Starring: Kevin Bacon (Sheriff Kretzer), James Freedson-Jackson (Travis), Hays Wellford (Harrison), Camryn Manheim (Bev), Shea Whigham (Man), Kyra Sedgwick (Dispatch).
Speaking
as a former 10 year old boy, I can attest that they really are stupid – I’m not
quite sure they are as stupid as the two in Cop Car are, but they’re not that
far off, especially when you get two of them together, egging each other into
doing things neither would do by themselves. Travis (James Freedson-Jackson)
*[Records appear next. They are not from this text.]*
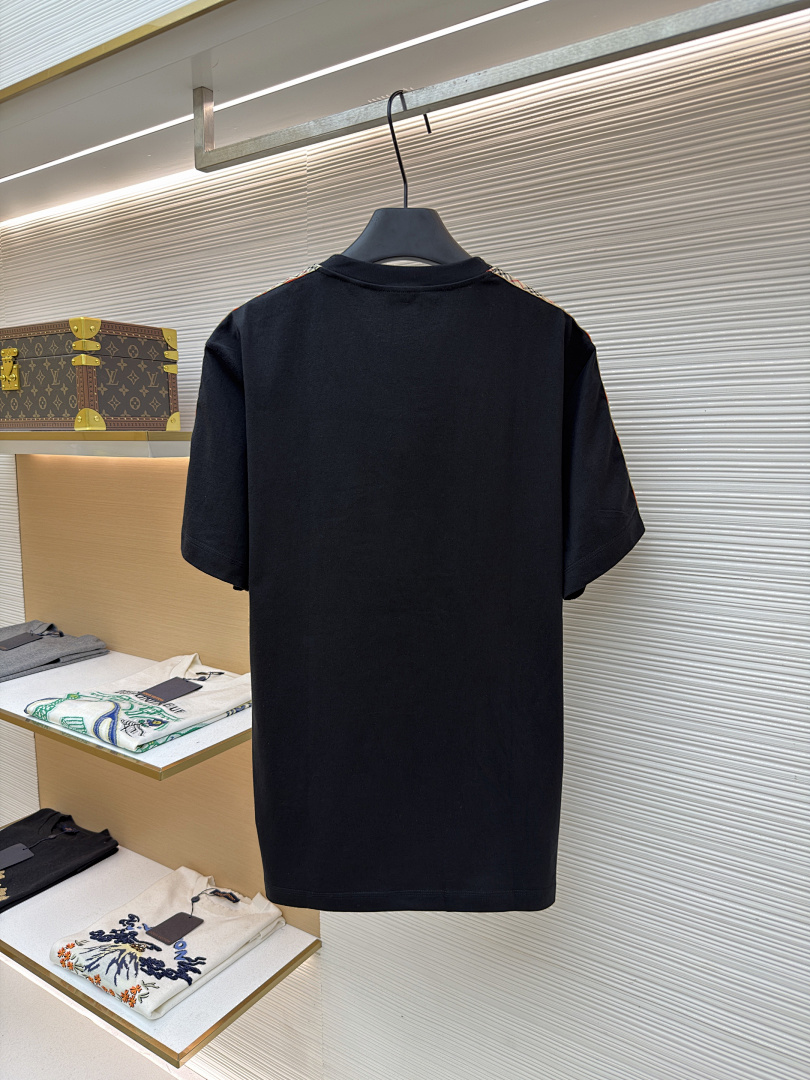 Burberry 526276−51L - Image 17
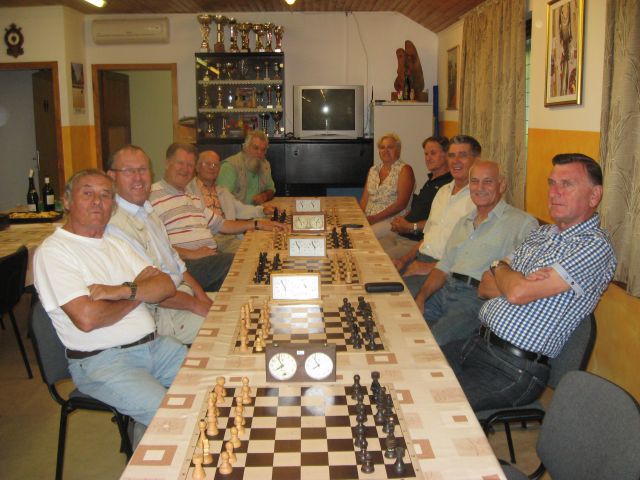 Šahovsko tekmovanje-september 2012 - foto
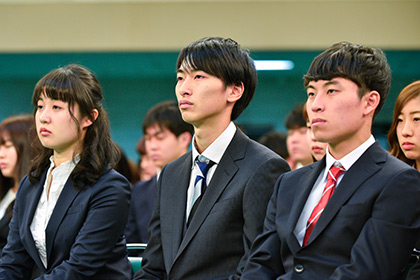 フォトギャラリー 入学式 専修大学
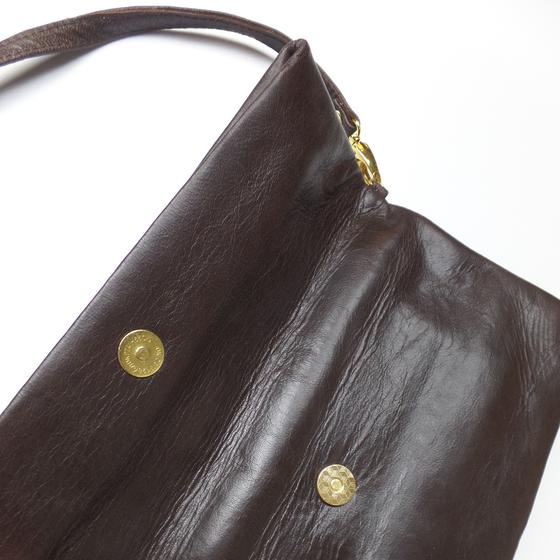 goldmarie Handtasche DREIECK Muster Leder dunkelbraun-gold 29x15cm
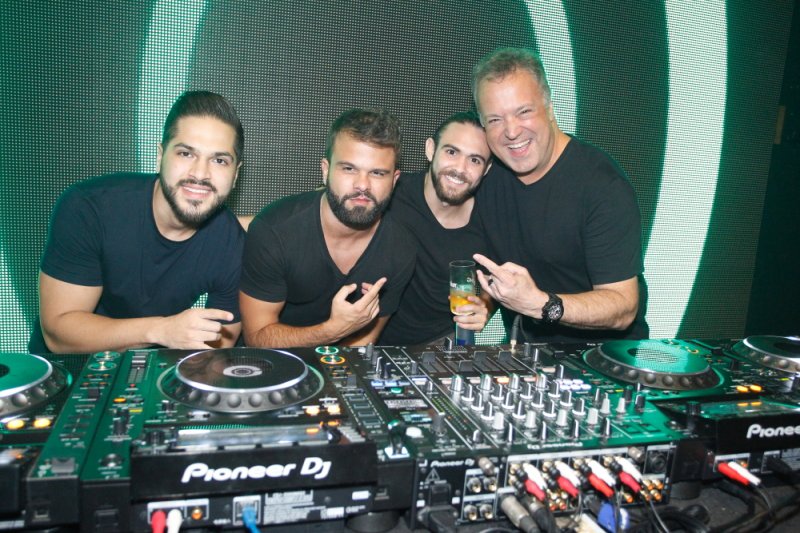 Baladinha na Living agita a véspera de feriado na capital cearense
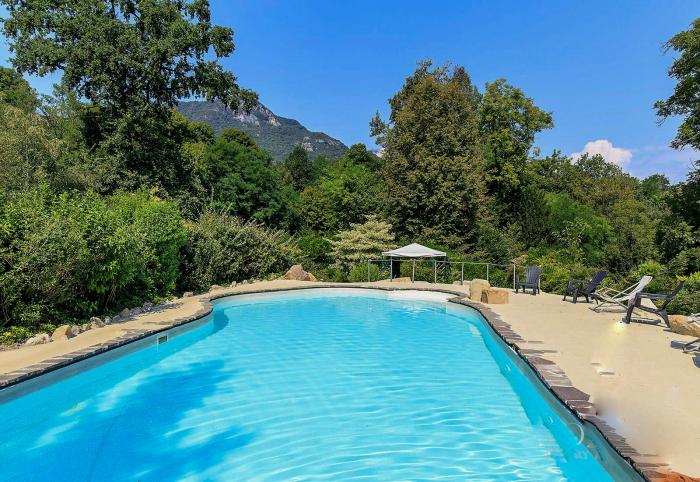 Ca. 15 m x 6 m großer Pool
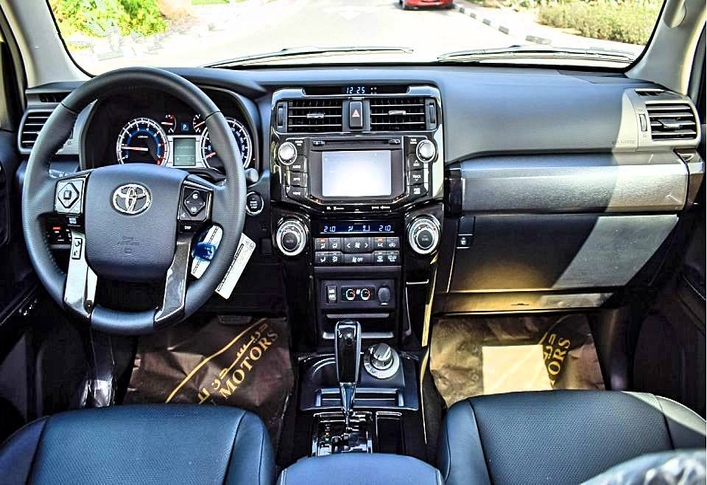 Sell Used 2017 Lexus LX 570 Jeep Full Options,Accident Free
and Harrison (Hays Wellford) are running away from home – which where they are
from means walking across seemingly endless fields and farms on their way to
the woods – they are already pretty much in the middle of nowhere, and now
they’re trying to get even further away. Once there, they discover a seemingly
abandoned Cop Car. No cop is inside, they cannot see one anywhere around – so
they do what idiot 10 years do, they get inside and start playing with all the
cool stuff they find – including the keys which they eventually get. So what do
they do, of course, except take off in the car across the fields, making their
way to the highway – which is almost as abandoned as the woods. The two are in
constant danger – if their driving doesn’t kill them, then the way the handle
the guns they find just might. And that’s even before two not so nice men enter
the movie.
Kevin
Bacon plays Sheriff Kretzer – and it’s his car the boy stole. He didn’t leave
it in the middle of the woods for some innocent reason – but because he had to
dispose of a couple of bodies that he is keeping in the trunk. He has already
dragged the first one to its shallow grave and it’s when he returns for the
second one that he discovers his car is gone. He obviously cannot let anyone
know about the missing car – and what it contains – so he tries to track it
down all by himself. And, of course, it turns out that the dead body in the
trunk isn’t quite dead after all.
Co-written
and directed by Jon Watts (who, based on the strength of this is apparently
going to direct the new Spider-Man movie now – a shame because I’d like to see
him do something like Cop Car – albeit better – next time), the film works like
a well-oiled machine of a thriller – not wasting a second of its 86 minute
screentime, and giving us no useless characters or backstory. We don’t know why
the boys are running away for instance, and we have no idea why the Sheriff
killed (or thought he killed) the two men and is trying to get rid of them. The
movie doesn’t have time for any of that.
The movie does have time
for a lot of twists and turns in the plot – some of them quite surprising, not
because they are overly original per se, but rather because it’s rather shocking
to see a movie whose two main characters are 12 get this violent and nasty. As
the kids get themselves into increasing danger, it certainly made me squirm a
little bit as a parent (and did make me think about gun control a little –
although, no one could really argue that a cop car should not have guns). When
the violence does hit, it’s quick, brutal and bloody.
I admired Cop Car more than I actually really liked it. It is, of course, a rather outlandish premise – but it’s one that Watts pulls off with interesting attention to detail. No, it’s not really plausible, but he makes you think it could be. Yet the movie never quite reaches the heights it could have – it takes a little too long warming up, and then just kind of ends (the ending isn’t so much ambiguous as it is non-existent). The film is good – the work of a director I certainly want to see more of. I’m a little disappointed that Hollywood has gotten their hands on Watts and put in the blockbuster machine so early – another few low budget thrillers like this, and he may have made a truly great one. Cop Car isn’t that – but it’s enough to convince me that Watts could eventually make one.